*** Information provided Section Begins ***
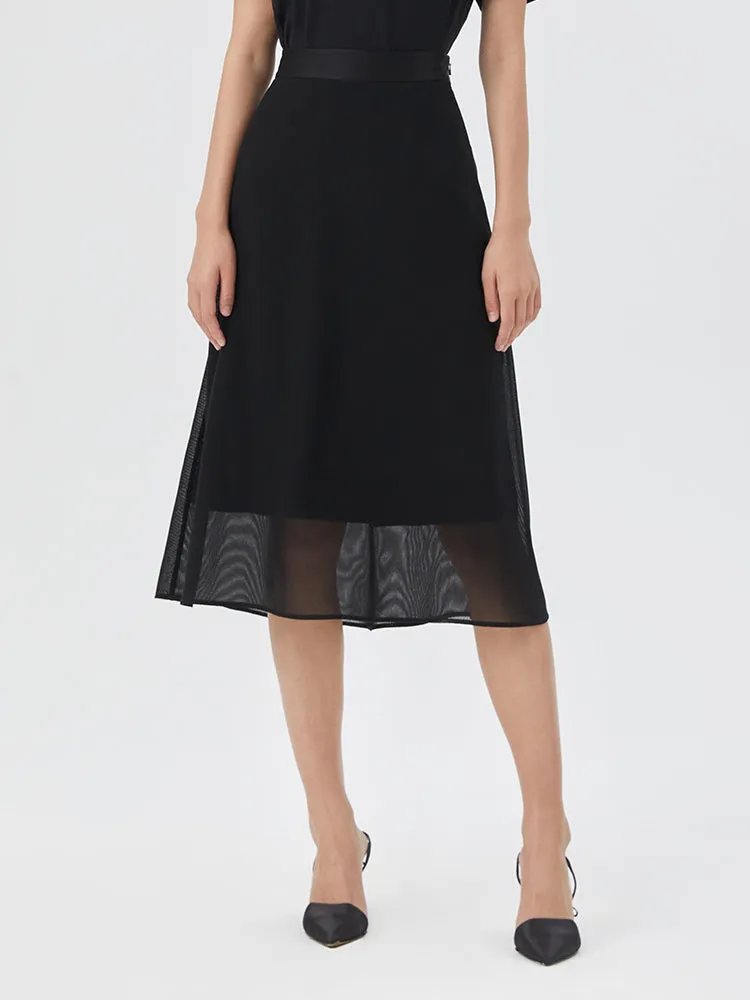Triacetate Mesh A-Line Skirt sold by Goelia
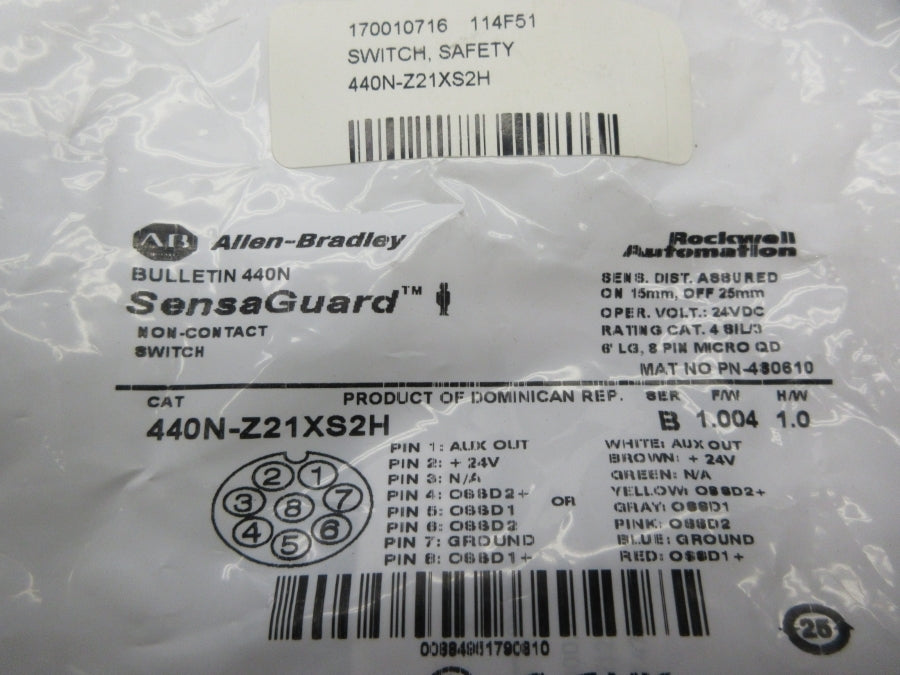 ALLEN BRADLEY 440N-Z21XS2H SER. B F/W 1.004 24VDC NSMP
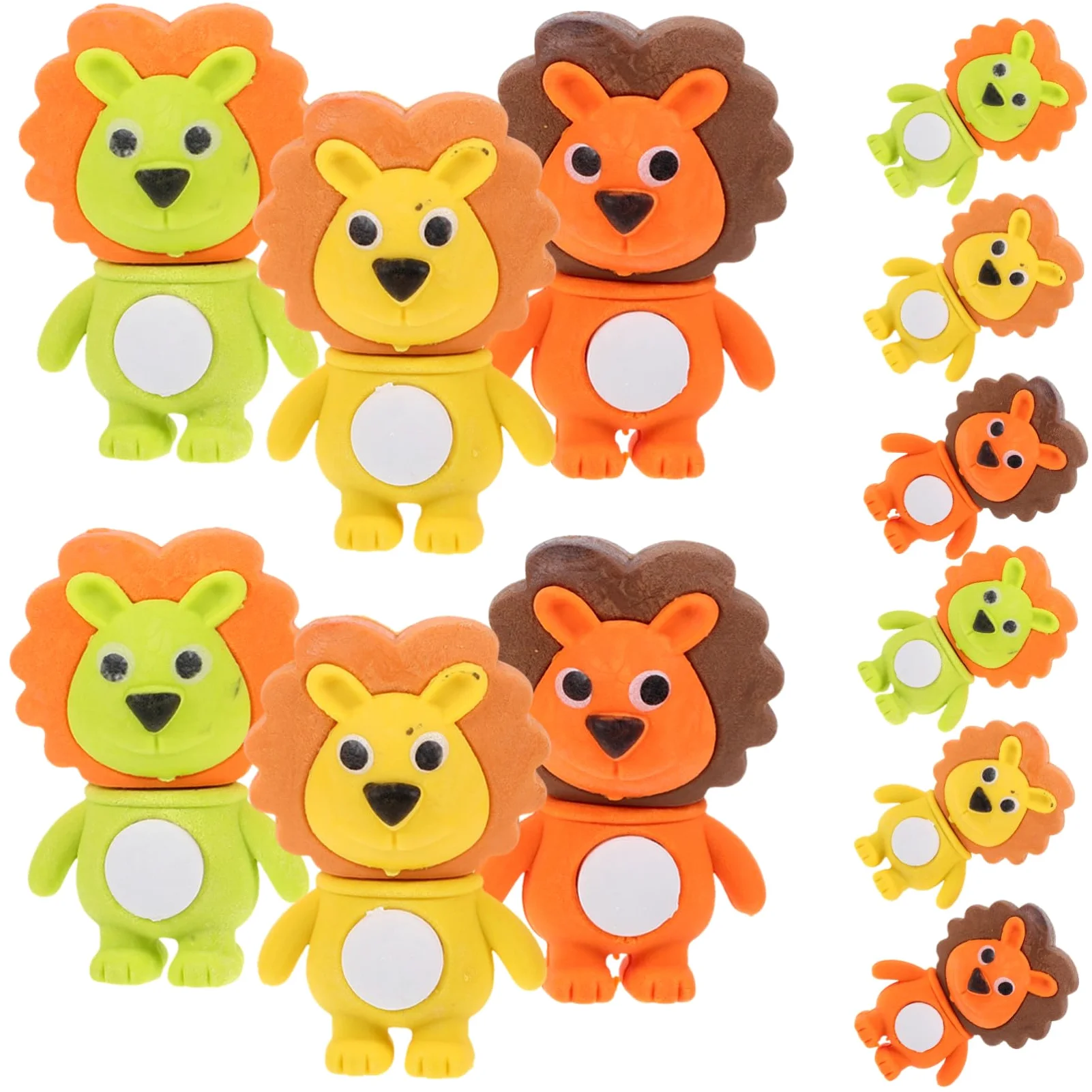 Angoily 120 Pezzi Gomme Cancellare per Leone Colorati in Tpr Sicuro Mini Gomme e Portatili per Scuola e Regalo Festa Compleanno Ragazzi e Ragazze
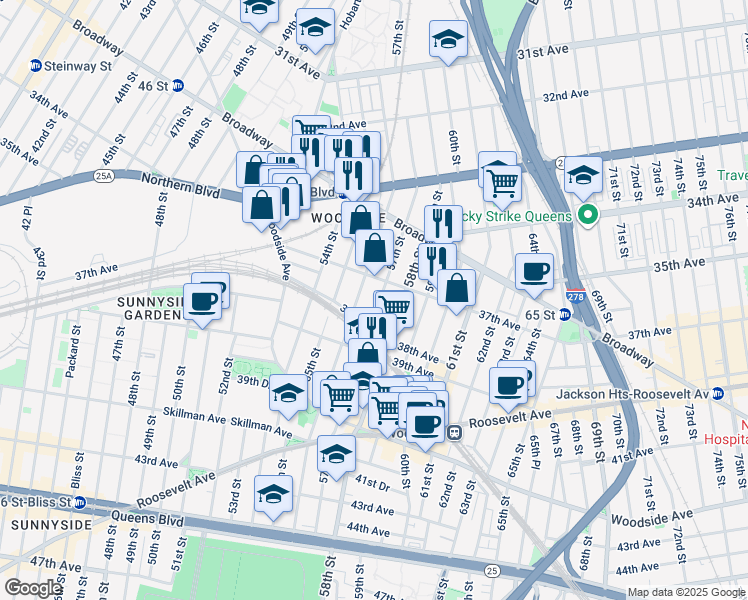 map of restaurants, bars, coffee shops, grocery stores, and more near 55-14 37th Avenue in Queens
*** Information provided Section Ends ***
What the answer needs is every line from the one with "ALLEN BRADLEY 440N-Z21XS2H" through the last line of the data, reproduced word for word and with pictures omitted.

> Result of this task:
 ALLEN BRADLEY 440N-Z21XS2H SER. B F/W 1.004 24VDC NSMP
 Angoily 120 Pezzi Gomme Cancellare per Leone Colorati in Tpr Sicuro Mini Gomme e Portatili per Scuola e Regalo Festa Compleanno Ragazzi e Ragazze
 map of restaurants, bars, coffee shops, grocery stores, and more near 55-14 37th Avenue in Queens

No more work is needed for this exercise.